* Task statement: Verbatim output of the lines below is required, with the images omitted.

* Data extract:

= Beginning of Section =

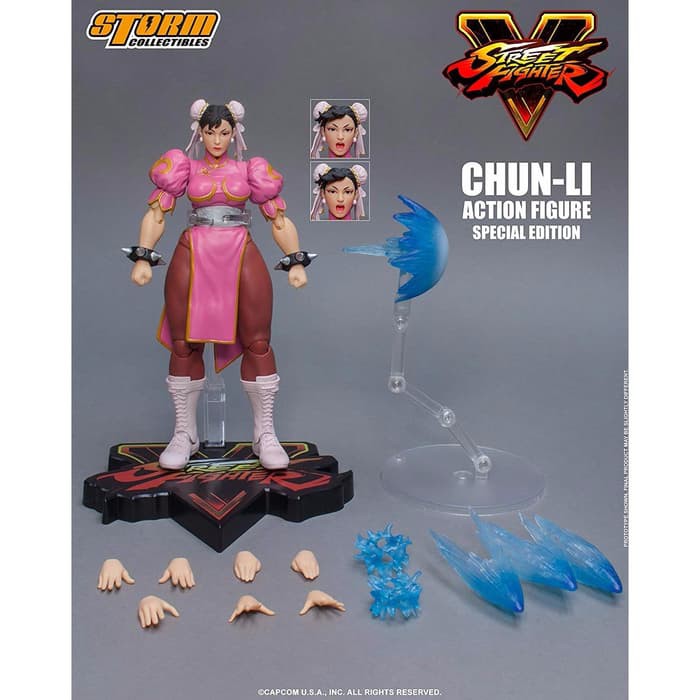 Jual Storm Collectibles Chun-Li (Special Edition) Street Fighter V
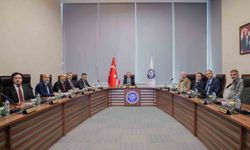 ÖSYM İl Sınav Koordinasyon Toplantısı Erzincan'da yapıldı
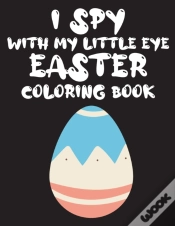 Capa do artigo I Spy With My Little Eye Easter Coloring Book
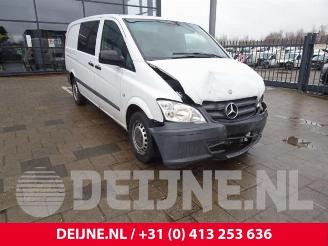  Mercedes Vito Vito (639.6), Van, 2003 / 2014 2.2 110 CDI 16V Euro 5 2012/2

= End of Section =

* Your response:
 Jual Storm Collectibles Chun-Li (Special Edition) Street Fighter V
 ÖSYM İl Sınav Koordinasyon Toplantısı Erzincan'da yapıldı
 Capa do artigo I Spy With My Little Eye Easter Coloring Book
  Mercedes Vito Vito (639.6), Van, 2003 / 2014 2.2 110 CDI 16V Euro 5 2012/2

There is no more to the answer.